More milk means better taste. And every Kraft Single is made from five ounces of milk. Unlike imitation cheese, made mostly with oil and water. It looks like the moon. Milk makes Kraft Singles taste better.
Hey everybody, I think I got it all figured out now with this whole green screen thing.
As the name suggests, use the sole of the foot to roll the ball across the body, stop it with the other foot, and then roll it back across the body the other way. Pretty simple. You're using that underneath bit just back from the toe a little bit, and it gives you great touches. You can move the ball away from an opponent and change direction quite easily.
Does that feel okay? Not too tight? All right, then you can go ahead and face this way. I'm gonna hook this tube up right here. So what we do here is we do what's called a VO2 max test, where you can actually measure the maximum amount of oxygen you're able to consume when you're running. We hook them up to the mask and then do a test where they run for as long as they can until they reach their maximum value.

--

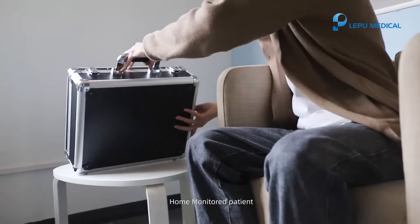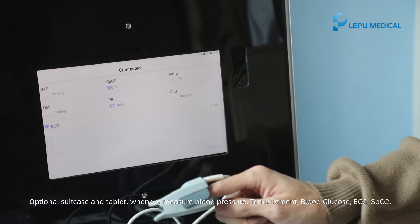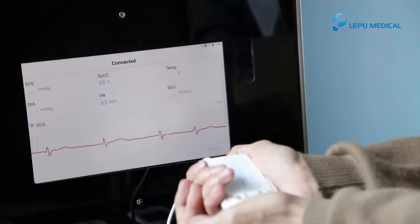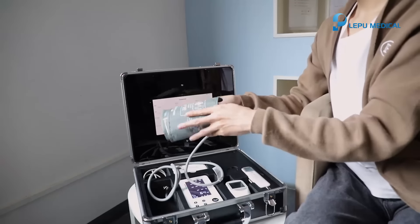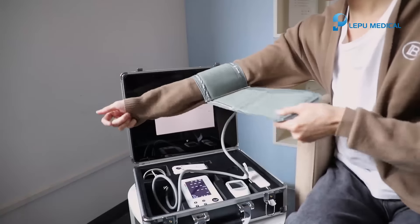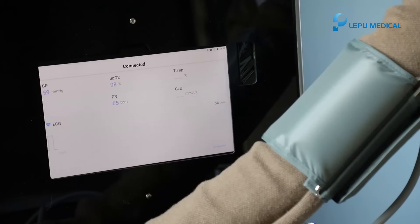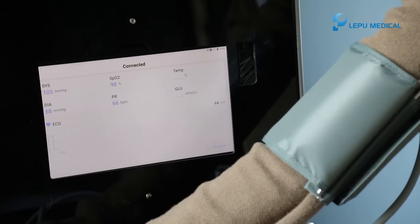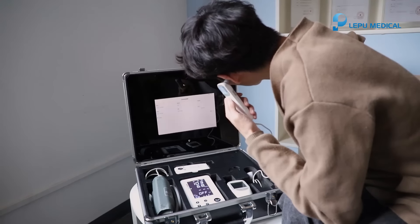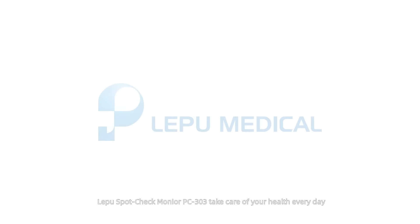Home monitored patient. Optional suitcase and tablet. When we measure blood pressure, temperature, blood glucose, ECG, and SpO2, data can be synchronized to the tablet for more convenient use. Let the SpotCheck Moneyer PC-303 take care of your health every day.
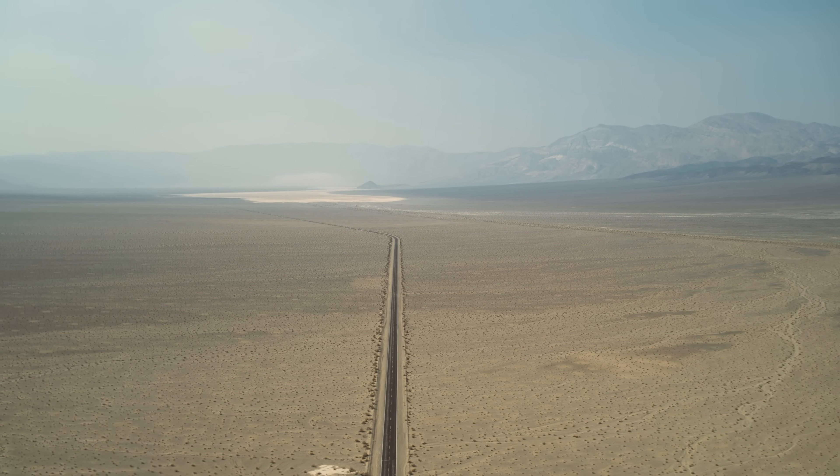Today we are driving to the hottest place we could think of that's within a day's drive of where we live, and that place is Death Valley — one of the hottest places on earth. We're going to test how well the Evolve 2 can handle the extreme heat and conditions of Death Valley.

● WORK REQUEST:
Set down, unchanged, only those lines above that fall between the line with "More milk means" and the line with "As the name", the two end lines included.

● SOLUTION TO THIS PROBLEM:
More milk means better taste. And every Kraft Single is made from five ounces of milk. Unlike imitation cheese, made mostly with oil and water. It looks like the moon. Milk makes Kraft Singles taste better.
Hey everybody, I think I got it all figured out now with this whole green screen thing.
As the name suggests, use the sole of the foot to roll the ball across the body, stop it with the other foot, and then roll it back across the body the other way. Pretty simple. You're using that underneath bit just back from the toe a little bit, and it gives you great touches. You can move the ball away from an opponent and change direction quite easily.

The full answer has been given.